[[ RECORDS SHOWN, beginning ]]

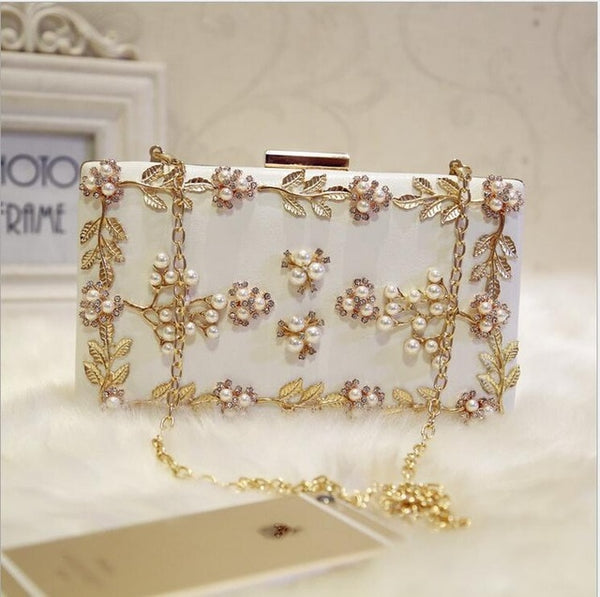 CB82 Handmade diamond pearl Party clutch bags (Pink/White ...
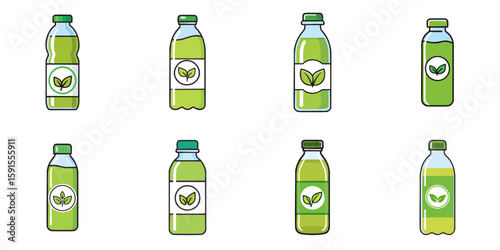 Multiple vector illustrations of plastic or glass bottles labeled with green tea

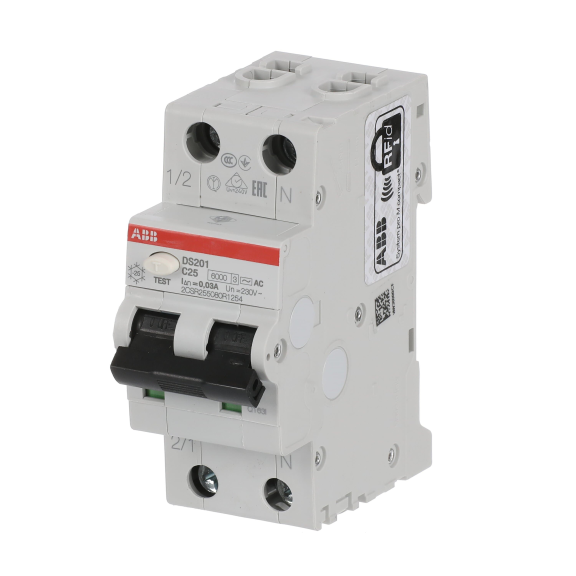 ABB 2CSR255080R1254, DS201 C25 AC30, System Pro M, 25 Amper, 30mA, AC Tip, Kaçak Akım Korumalı Otomatik Sigorta, 6 kA, C Tipi, 1 Faz+Nötr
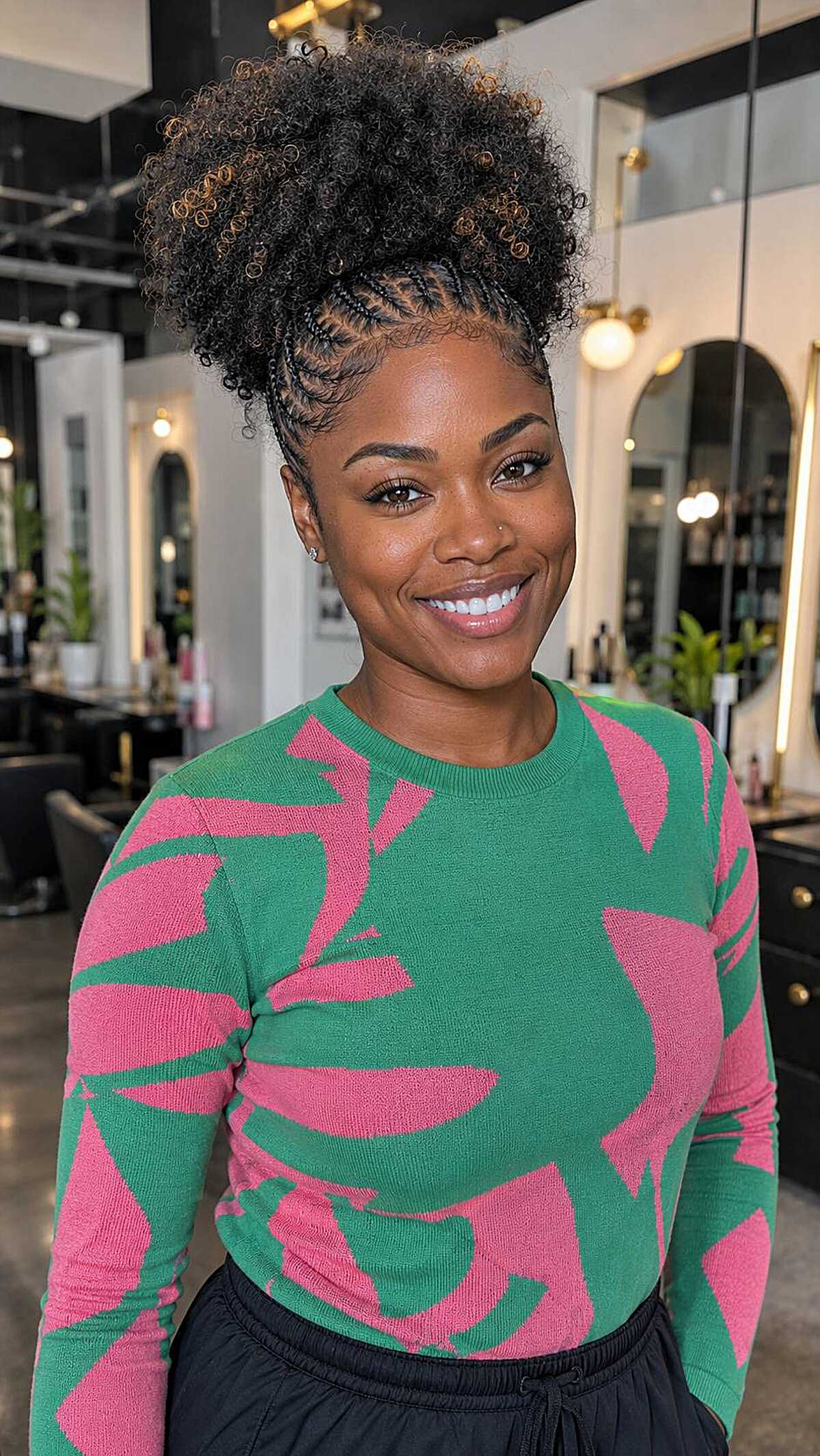 Natural curly hair in a high puff with laid edges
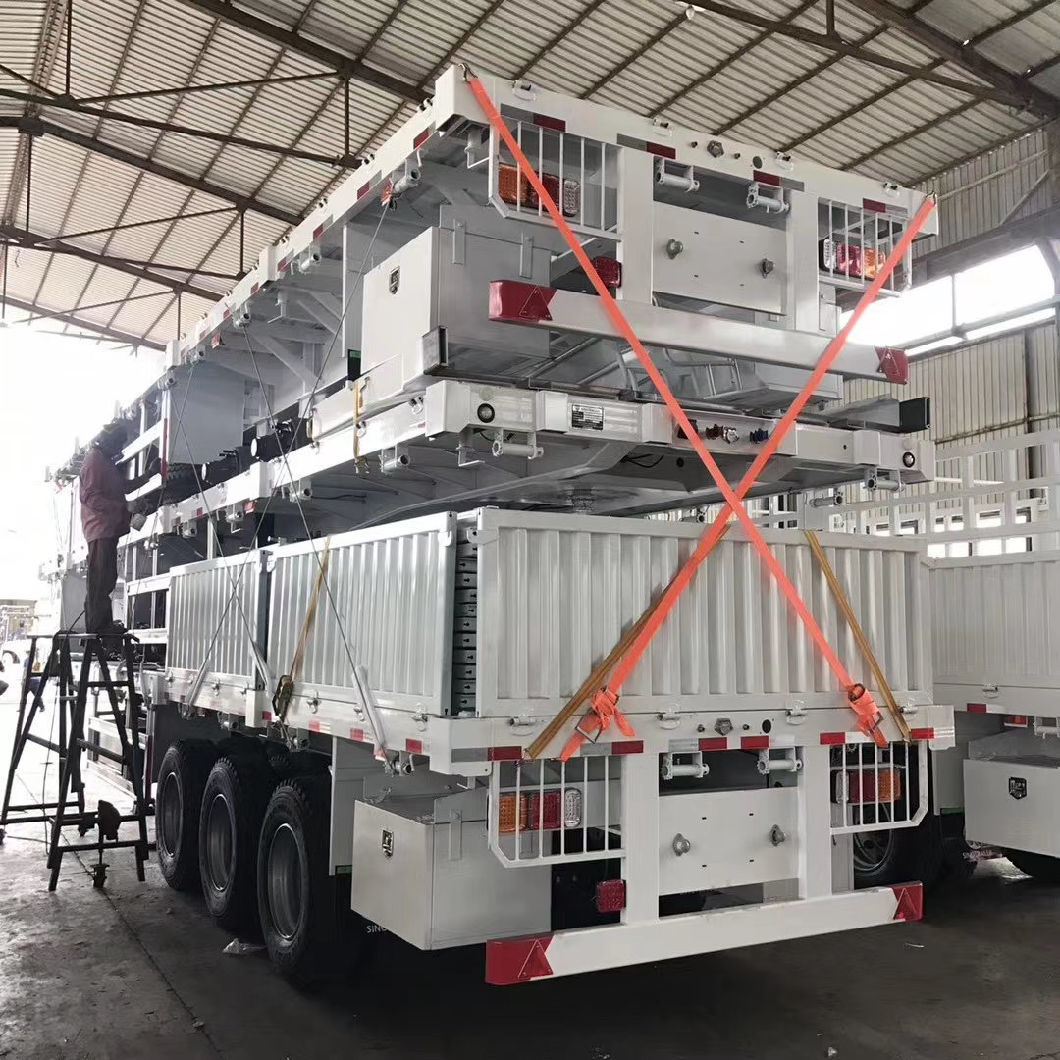 Anton Sidewall Open 3axle 50/60ton Dropside Bulk Fence Cargo Transport Semi Trailer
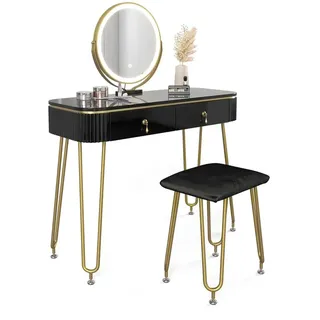 Vicco Schminktisch Grace Schwarz Hochglanz LED-Spiegel Hocker 100x126 cm modern Schlafzimmer Kommode Schublade Ablage Aufbewahrung Kosmetiktisch Schminkkonsole Make-Up-Tisch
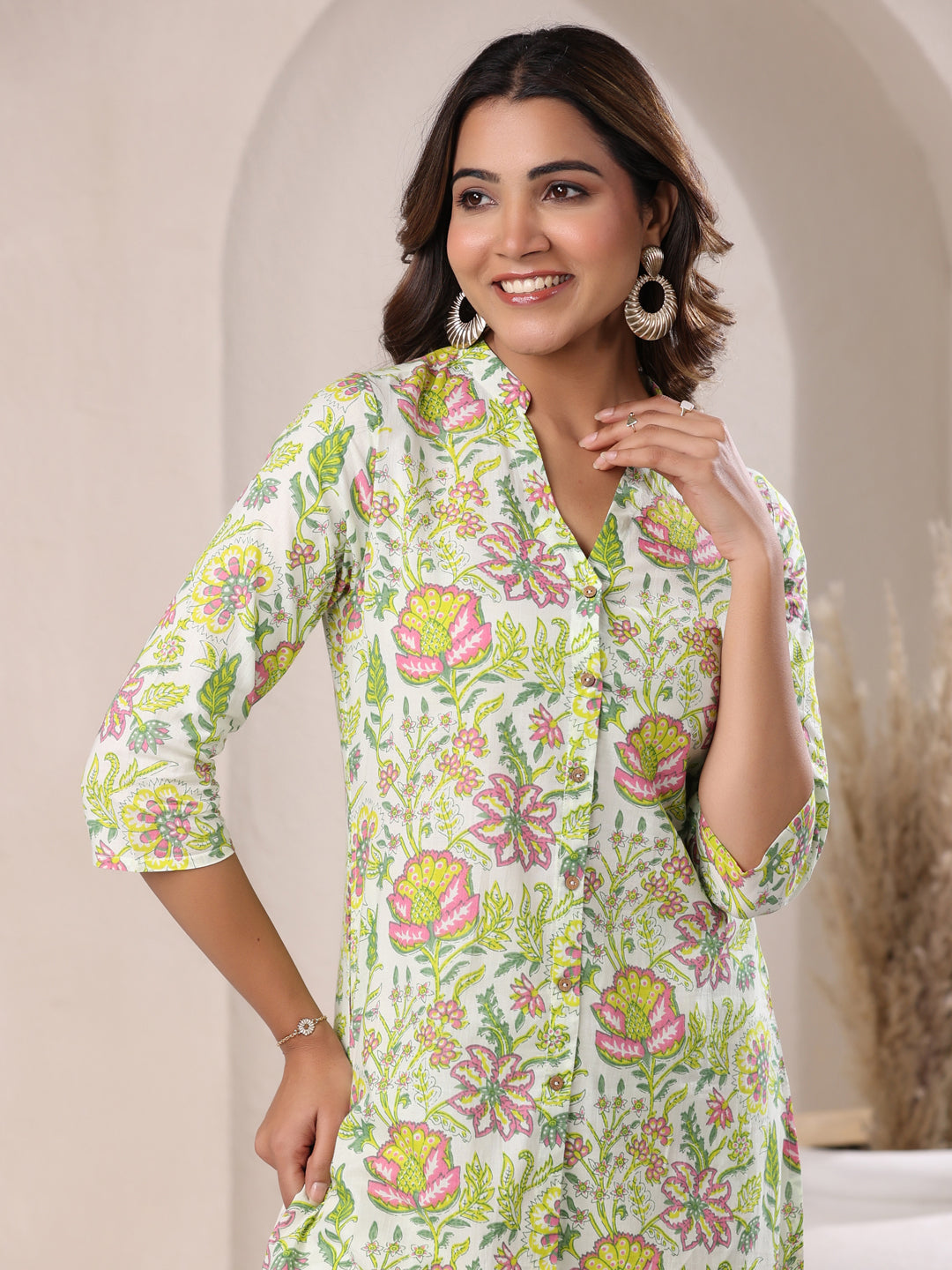 Janasya Light Cotton Floral Straight Top & Bottom Set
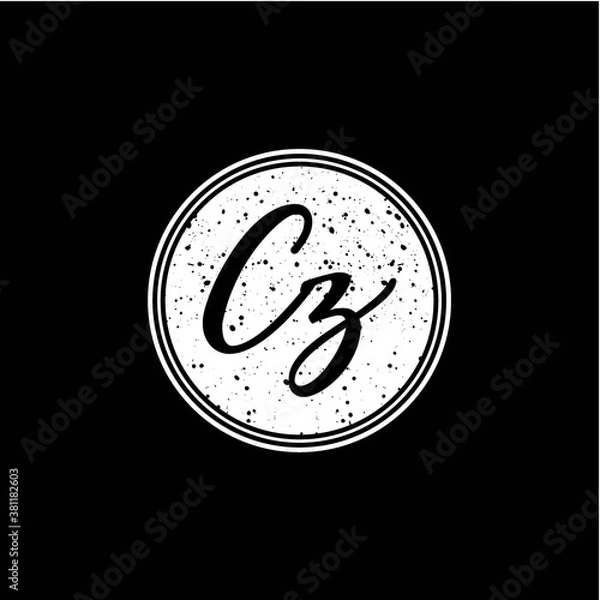 Fototapeta C Z Initial Handwriting In Black and White Circle Frame Design
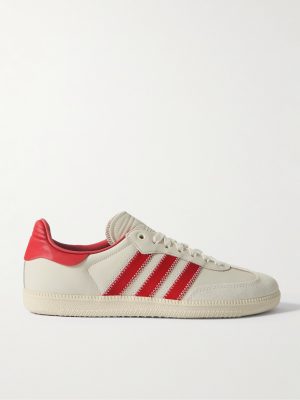 + Pharrell Williams Humanrace Samba Suede-Trimmed Leather Sneakers + Pharrell Williams Humanrace Samba Suede-Trimmed Leather Sneakers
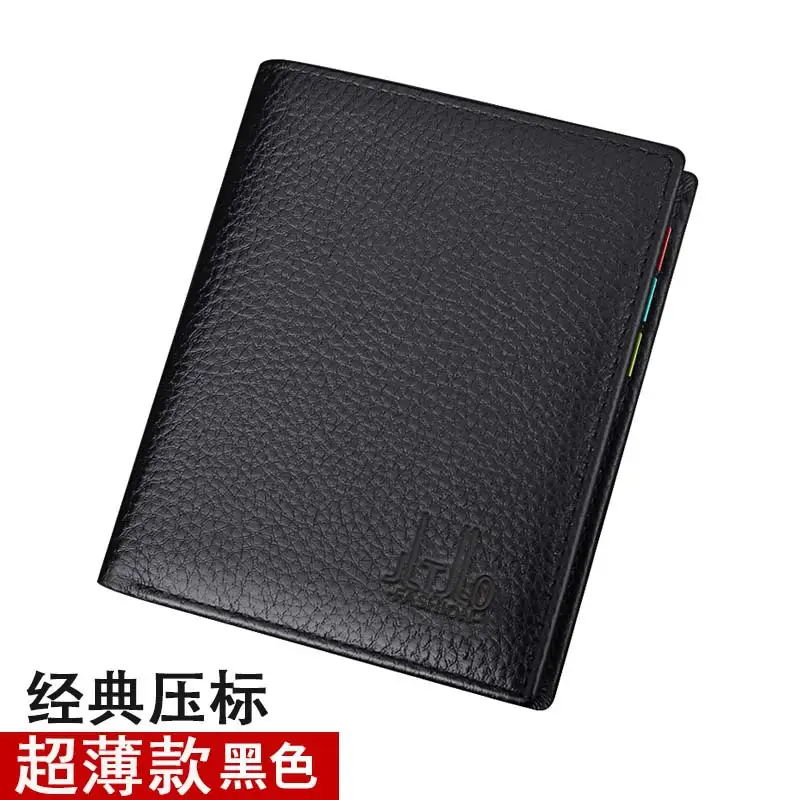 Kangaroo Domain Genuine Leather Wallet Cowhide Wallet Men's Short Cowhide Wallet with Zipper Trendy Driver's License Card Bag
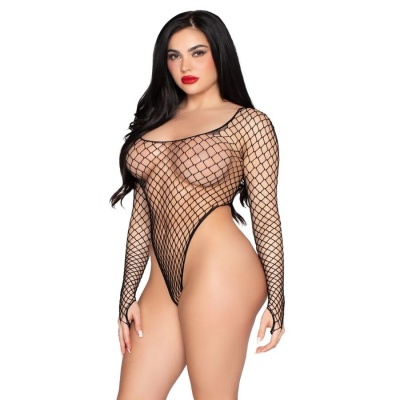Leg Avenue 89377 High-Cut Industrial Net Bodysuit Black - image 2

[[ RECORDS SHOWN, end ]]

A word-for-word restatement of all the lines above is needed, with the pictures omitted.

 CB82 Handmade diamond pearl Party clutch bags (Pink/White ...
 Multiple vector illustrations of plastic or glass bottles labeled with green tea

 ABB 2CSR255080R1254, DS201 C25 AC30, System Pro M, 25 Amper, 30mA, AC Tip, Kaçak Akım Korumalı Otomatik Sigorta, 6 kA, C Tipi, 1 Faz+Nötr
 Natural curly hair in a high puff with laid edges
 Anton Sidewall Open 3axle 50/60ton Dropside Bulk Fence Cargo Transport Semi Trailer
 Vicco Schminktisch Grace Schwarz Hochglanz LED-Spiegel Hocker 100x126 cm modern Schlafzimmer Kommode Schublade Ablage Aufbewahrung Kosmetiktisch Schminkkonsole Make-Up-Tisch
 Janasya Light Cotton Floral Straight Top & Bottom Set
 Fototapeta C Z Initial Handwriting In Black and White Circle Frame Design
 + Pharrell Williams Humanrace Samba Suede-Trimmed Leather Sneakers + Pharrell Williams Humanrace Samba Suede-Trimmed Leather Sneakers
 Kangaroo Domain Genuine Leather Wallet Cowhide Wallet Men's Short Cowhide Wallet with Zipper Trendy Driver's License Card Bag
Leg Avenue 89377 High-Cut Industrial Net Bodysuit Black - image 2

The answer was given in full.